→ To do:
Return only the lines of the data below from the line with "two fried eggs are on a plate next to a fork" up to and including the line with "Baby one-piece with", exactly as written, with the pictures omitted.

→ Working data:
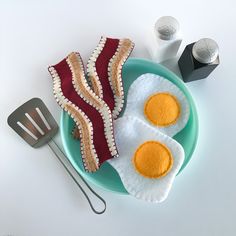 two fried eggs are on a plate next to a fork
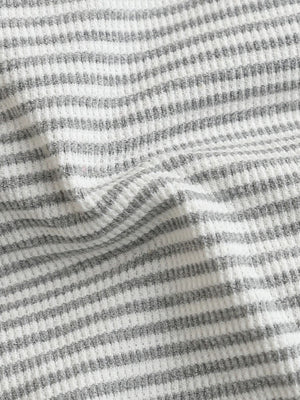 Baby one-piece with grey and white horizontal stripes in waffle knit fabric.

--

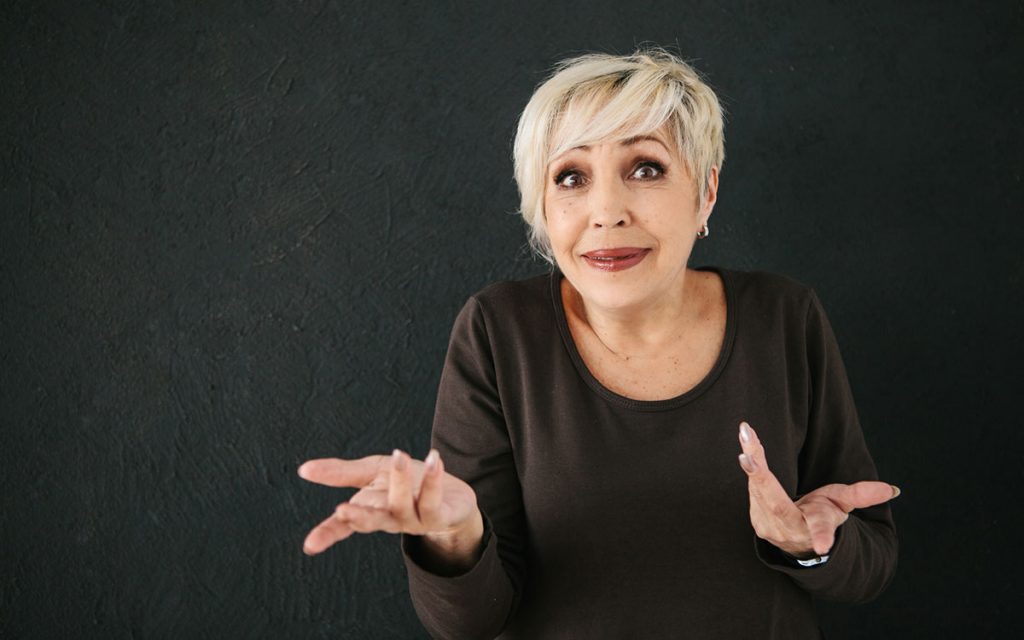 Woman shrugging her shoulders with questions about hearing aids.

→ Result:
 two fried eggs are on a plate next to a fork
 Baby one-piece with grey and white horizontal stripes in waffle knit fabric.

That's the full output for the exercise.